高台に建つマンションの13階。晴れた日にはリビングの向こうに富士山も眺められ、眼下には絶景が広がる。
「夜景もきれいですよ。でもあまり興味はなくて。それよりもこの開放感と日当りに満足しています。ここならグリーンが育てられるなと思い、だんだんはまっていきました。新たな趣味が見つけられたことが良かったですね」。
リビングを挟んで両側にテラスがあり、窓を開け放てば爽やかな風が吹き込んでくる。桟に腰掛け、育てている植物を眺める日常を、中川さんは愉しんでいる
職人気質で空間をエイジング
中川さんは、靴や鞄の修理を専門とする店「UNION WORKS」を営む。
「もともとは洋服屋になりたくて、靴に移行したのですが、靴もファッションもインテリアも、イギリスのものに惹かれます。
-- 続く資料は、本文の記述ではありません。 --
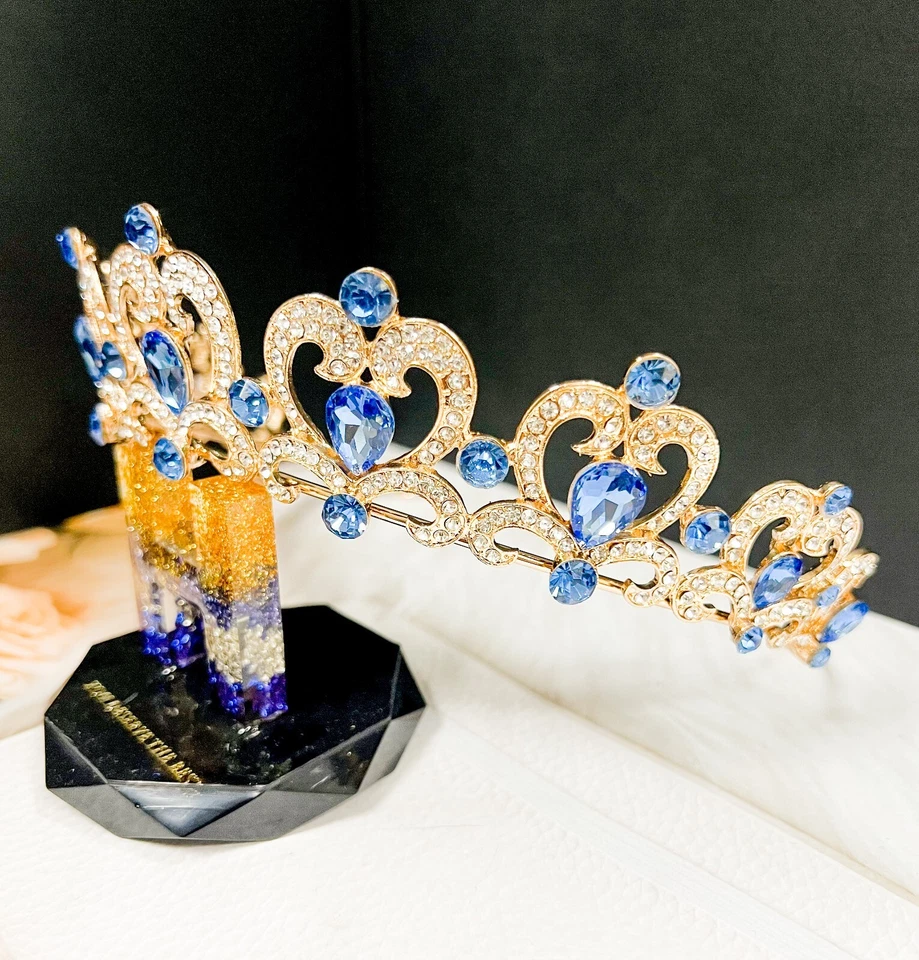 Blue Rhinestone Tiara, Girls Gold tiara, Heart shape tiara, Princess party tiara - Image 3 of 4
偏狂なくらいですね(笑)」。
白い壁に白い木の床材のシンプルな空間は、イギリスをメインとするアンティークの家具とグリーンが味を出す。
「この白いモダンな部屋にアンティークってどうなんだろう? と思ったけれど、モダンだからモダンなインテリア、ではなくてもいいのかなと。意外としっくりなじみました」。
重厚感ある家具とシャープな白い空間を、やわらかなグリーンが調和させているようだ。
「グリーンを飾る壁のフックなどは、自分で取り付けました。あまり満足のいく出来ではないのですが」。
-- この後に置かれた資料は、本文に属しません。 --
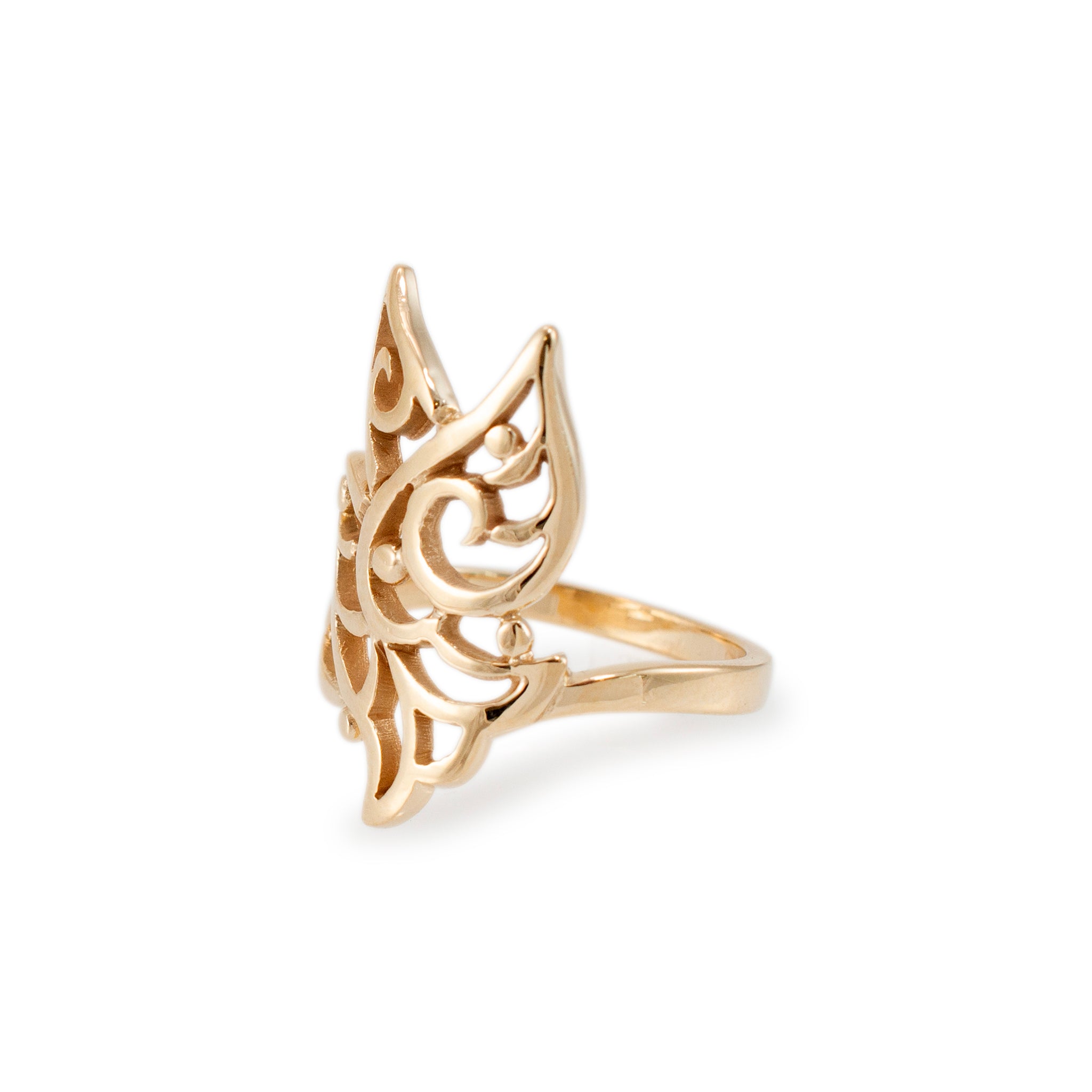 James Avery Retired 14K Yellow Gold Openwork Bird in Flight Dove Cocktail Ring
ソープディッシュを受け皿にしたエアプランツが粋。家具の転倒防止器具なども、ブラッセンスプレーで加工し、アンティーク家具に似合うようエイジング感を出している。
「フレームを買って座面を張り直してもらった椅子は、皮の張り具合が気に入らないんですよね。もっと張りが欲しいと思って」。
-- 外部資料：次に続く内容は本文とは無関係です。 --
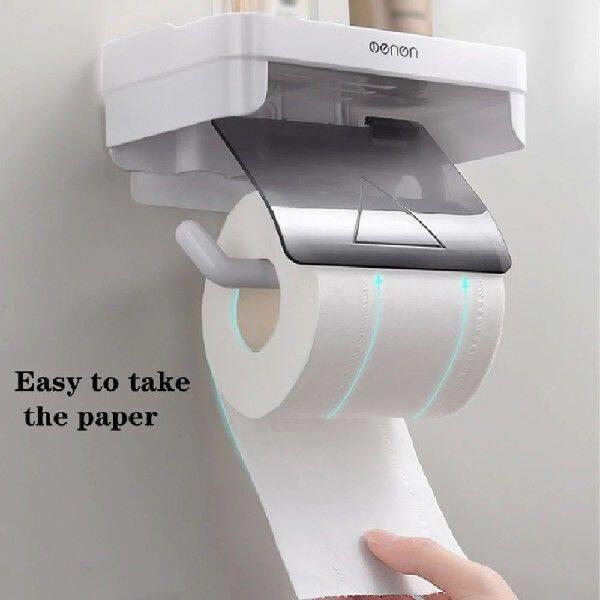 MENGNI-Wall Mount Toilet Paper Holder no Drill Bathroom - 实物图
代々木のフリーマーケットで買ったサイドテーブルには、自分で天板の上に皮を張った。
「グラスを置いたときの感触がいいんです」。
細やかなところに自ら手を加える。そのこだわりは、靴を偏愛する職人気質に通じるのかもしれない。
アンティーク雑貨をベースに
繊細で美しい人工的なグリーンではなく、逞しく育っていく生命あるグリーンが好み。壁のエアプランツや窓辺にハンギングされたコウモリランなどがジャングルのように茂る中、アンティークのシューキーパーやミンサーなど、色々なものを使ったアレンジが目を引く。
「おもしろいベースに出会うと試してみたくなるんです。子株を植え替えては、アレンジしています。まだまだ色々やってみたいですね」。
風の抜ける部屋で、大好きなものに囲まれた生活が営まれている。